**What you are asked to do**
Give back exactly the lines that run from the beginning of the entries to the line containing "Obraz na płótnie", both included, and nothing else.

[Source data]
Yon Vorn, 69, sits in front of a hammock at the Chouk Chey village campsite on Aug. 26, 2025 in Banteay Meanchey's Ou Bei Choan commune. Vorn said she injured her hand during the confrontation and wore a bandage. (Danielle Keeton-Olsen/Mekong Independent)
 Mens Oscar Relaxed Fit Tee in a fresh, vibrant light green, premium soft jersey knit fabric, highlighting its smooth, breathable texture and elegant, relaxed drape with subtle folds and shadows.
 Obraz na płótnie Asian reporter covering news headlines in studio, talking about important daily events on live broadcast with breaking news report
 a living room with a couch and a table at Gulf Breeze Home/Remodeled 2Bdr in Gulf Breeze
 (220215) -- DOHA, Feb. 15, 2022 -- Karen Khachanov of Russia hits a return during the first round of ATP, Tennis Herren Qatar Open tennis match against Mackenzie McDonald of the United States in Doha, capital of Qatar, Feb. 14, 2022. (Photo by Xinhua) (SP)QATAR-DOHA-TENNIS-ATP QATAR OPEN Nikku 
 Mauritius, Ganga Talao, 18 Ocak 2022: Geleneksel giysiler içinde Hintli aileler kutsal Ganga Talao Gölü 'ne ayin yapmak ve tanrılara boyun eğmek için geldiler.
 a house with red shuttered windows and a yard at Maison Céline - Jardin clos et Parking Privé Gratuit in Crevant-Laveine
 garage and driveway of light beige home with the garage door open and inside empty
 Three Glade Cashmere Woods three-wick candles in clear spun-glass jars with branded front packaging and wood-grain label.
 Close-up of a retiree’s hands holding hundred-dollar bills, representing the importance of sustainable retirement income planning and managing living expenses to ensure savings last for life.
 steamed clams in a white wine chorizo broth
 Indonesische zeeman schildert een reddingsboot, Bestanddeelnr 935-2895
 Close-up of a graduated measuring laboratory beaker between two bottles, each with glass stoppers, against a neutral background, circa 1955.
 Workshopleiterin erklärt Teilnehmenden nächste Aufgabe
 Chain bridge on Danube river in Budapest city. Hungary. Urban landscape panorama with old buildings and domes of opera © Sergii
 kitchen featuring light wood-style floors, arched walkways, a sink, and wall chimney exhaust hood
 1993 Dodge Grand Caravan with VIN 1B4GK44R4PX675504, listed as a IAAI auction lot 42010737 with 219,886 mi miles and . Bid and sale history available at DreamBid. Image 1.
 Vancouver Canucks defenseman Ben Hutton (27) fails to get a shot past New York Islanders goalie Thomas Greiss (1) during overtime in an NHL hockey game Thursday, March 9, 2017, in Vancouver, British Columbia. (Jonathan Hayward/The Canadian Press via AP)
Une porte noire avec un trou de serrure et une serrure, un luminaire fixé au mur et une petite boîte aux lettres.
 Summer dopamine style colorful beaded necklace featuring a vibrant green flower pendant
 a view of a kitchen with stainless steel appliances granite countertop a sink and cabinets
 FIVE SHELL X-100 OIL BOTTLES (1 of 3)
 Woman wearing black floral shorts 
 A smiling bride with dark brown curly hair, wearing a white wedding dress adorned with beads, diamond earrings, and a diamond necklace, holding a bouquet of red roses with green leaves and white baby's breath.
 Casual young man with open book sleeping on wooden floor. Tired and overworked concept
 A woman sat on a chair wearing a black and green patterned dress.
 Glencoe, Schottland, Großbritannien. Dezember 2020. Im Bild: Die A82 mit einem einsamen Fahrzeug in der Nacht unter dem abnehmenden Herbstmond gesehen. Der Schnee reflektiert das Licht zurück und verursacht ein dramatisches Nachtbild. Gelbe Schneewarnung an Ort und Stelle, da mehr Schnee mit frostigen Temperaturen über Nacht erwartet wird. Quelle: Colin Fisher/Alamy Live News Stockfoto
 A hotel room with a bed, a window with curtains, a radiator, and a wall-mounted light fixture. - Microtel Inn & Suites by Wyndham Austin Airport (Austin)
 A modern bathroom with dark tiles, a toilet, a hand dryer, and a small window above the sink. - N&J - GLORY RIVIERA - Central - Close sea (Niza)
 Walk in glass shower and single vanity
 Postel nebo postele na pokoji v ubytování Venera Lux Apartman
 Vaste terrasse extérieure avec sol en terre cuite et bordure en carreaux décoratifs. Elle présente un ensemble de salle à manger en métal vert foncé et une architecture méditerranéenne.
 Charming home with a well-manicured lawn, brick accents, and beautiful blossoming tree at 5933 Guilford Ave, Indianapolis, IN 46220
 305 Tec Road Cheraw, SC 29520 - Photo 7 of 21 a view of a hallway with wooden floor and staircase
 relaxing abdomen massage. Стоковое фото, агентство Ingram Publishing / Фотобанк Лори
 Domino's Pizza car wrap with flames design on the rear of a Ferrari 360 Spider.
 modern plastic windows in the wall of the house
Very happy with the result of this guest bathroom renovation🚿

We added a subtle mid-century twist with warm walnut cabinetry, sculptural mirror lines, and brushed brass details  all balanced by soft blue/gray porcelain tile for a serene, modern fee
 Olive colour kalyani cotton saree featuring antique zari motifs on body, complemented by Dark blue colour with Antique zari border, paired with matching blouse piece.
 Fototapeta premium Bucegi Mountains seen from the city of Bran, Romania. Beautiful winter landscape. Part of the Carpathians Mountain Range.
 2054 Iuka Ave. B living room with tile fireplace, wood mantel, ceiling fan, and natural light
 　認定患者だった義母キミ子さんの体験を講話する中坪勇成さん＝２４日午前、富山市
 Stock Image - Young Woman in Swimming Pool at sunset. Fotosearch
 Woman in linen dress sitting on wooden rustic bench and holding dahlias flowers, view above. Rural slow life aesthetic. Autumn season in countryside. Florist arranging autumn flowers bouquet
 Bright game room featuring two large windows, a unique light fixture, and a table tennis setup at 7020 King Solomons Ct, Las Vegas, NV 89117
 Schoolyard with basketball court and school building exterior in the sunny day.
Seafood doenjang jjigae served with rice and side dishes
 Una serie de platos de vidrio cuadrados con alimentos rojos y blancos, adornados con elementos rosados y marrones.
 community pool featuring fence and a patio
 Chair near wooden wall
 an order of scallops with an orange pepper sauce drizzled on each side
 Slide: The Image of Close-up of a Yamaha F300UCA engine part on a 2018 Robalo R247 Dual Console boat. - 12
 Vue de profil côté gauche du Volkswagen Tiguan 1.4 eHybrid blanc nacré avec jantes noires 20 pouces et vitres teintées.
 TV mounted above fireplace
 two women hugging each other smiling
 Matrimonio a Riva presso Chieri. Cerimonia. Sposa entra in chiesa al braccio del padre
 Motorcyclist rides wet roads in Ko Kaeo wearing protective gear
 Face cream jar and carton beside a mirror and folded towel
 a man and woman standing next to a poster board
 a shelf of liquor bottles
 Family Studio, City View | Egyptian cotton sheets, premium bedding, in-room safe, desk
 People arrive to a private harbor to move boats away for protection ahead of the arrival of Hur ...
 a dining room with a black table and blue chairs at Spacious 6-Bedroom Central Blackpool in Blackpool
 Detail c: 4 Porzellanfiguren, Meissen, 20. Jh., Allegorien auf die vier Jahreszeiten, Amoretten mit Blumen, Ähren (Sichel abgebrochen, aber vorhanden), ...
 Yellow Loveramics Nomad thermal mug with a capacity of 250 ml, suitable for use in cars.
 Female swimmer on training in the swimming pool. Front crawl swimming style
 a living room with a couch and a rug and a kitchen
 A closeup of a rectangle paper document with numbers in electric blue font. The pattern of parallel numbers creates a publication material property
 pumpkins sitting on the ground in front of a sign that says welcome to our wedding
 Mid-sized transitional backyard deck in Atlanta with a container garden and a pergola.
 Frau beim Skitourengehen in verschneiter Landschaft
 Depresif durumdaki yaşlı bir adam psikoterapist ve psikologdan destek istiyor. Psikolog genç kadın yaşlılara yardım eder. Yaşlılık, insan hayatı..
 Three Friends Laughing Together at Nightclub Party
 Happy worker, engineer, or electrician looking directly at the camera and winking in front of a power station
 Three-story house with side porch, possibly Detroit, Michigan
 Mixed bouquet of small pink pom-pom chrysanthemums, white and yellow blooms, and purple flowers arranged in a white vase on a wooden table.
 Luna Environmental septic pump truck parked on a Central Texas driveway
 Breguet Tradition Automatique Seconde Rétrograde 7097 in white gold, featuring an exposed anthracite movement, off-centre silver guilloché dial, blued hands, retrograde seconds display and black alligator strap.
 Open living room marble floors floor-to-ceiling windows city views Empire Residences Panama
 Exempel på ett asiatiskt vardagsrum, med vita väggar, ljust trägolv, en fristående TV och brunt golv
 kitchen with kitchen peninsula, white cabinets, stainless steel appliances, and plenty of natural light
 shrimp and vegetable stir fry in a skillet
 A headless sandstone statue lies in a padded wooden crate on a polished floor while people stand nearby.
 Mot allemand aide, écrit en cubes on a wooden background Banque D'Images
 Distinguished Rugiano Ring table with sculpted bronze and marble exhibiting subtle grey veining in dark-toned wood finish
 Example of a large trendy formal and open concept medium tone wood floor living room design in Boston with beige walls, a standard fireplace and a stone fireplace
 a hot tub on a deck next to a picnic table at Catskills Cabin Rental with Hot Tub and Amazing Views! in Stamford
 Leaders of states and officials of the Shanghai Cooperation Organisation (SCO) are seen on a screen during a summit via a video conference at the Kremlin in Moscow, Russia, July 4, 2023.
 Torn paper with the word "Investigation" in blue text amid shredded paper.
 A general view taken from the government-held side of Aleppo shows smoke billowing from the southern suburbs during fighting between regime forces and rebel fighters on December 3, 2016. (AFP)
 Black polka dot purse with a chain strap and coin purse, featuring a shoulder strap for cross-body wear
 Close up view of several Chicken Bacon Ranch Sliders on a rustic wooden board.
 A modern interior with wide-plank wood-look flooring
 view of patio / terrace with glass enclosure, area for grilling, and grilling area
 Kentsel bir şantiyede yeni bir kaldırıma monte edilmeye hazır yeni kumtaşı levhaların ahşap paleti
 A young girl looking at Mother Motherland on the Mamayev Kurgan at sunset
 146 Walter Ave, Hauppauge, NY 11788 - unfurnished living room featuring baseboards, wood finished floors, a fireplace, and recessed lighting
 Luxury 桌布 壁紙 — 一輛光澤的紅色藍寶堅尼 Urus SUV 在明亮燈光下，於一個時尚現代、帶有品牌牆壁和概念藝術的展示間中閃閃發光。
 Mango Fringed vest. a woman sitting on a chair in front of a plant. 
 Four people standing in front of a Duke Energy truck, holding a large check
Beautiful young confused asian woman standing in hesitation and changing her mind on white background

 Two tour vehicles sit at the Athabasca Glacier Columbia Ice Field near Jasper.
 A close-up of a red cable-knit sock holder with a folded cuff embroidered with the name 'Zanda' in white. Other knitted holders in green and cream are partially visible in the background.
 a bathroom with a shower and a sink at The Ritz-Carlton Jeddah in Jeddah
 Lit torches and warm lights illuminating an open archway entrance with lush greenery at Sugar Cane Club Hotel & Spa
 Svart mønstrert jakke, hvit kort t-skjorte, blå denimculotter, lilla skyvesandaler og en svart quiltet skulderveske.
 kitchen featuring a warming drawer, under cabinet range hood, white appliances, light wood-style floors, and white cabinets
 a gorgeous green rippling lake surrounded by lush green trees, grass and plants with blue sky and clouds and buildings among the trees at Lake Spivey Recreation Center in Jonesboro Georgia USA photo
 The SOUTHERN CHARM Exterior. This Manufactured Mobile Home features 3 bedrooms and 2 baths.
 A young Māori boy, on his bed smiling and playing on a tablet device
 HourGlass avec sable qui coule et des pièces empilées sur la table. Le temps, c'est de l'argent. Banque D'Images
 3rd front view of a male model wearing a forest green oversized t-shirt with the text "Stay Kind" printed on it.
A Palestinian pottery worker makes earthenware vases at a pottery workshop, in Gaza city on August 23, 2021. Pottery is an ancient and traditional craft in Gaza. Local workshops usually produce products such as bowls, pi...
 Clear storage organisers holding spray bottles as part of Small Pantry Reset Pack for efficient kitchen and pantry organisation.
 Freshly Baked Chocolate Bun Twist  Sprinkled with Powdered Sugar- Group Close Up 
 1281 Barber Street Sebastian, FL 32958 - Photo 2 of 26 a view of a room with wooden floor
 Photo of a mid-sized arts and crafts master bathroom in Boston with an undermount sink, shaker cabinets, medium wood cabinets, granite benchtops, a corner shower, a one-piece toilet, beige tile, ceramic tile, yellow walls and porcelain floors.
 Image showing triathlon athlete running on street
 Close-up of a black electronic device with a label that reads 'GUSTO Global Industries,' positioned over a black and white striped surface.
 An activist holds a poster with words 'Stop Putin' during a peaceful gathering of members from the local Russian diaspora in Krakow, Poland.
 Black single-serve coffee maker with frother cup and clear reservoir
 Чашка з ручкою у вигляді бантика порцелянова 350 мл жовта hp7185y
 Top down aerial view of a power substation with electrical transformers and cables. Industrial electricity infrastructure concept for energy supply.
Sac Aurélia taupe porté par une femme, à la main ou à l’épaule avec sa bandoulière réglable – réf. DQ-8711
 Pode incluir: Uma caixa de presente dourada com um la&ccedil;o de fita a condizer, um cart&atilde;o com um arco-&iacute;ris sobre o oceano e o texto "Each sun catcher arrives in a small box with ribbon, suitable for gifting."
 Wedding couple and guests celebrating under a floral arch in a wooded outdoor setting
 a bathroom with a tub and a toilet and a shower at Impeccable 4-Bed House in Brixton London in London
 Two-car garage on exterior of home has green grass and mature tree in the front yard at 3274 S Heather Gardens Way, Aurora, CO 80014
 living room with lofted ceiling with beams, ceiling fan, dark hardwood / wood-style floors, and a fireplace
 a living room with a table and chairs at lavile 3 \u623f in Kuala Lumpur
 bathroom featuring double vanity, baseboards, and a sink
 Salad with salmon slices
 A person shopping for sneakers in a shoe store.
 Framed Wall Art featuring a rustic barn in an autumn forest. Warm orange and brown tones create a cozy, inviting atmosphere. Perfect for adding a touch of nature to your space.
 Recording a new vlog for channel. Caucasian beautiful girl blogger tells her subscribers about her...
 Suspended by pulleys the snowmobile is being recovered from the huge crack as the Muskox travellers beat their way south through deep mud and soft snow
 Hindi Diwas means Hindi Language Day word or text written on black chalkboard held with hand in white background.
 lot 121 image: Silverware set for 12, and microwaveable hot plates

**Answer for the task**
Yon Vorn, 69, sits in front of a hammock at the Chouk Chey village campsite on Aug. 26, 2025 in Banteay Meanchey's Ou Bei Choan commune. Vorn said she injured her hand during the confrontation and wore a bandage. (Danielle Keeton-Olsen/Mekong Independent)
 Mens Oscar Relaxed Fit Tee in a fresh, vibrant light green, premium soft jersey knit fabric, highlighting its smooth, breathable texture and elegant, relaxed drape with subtle folds and shadows.
 Obraz na płótnie Asian reporter covering news headlines in studio, talking about important daily events on live broadcast with breaking news report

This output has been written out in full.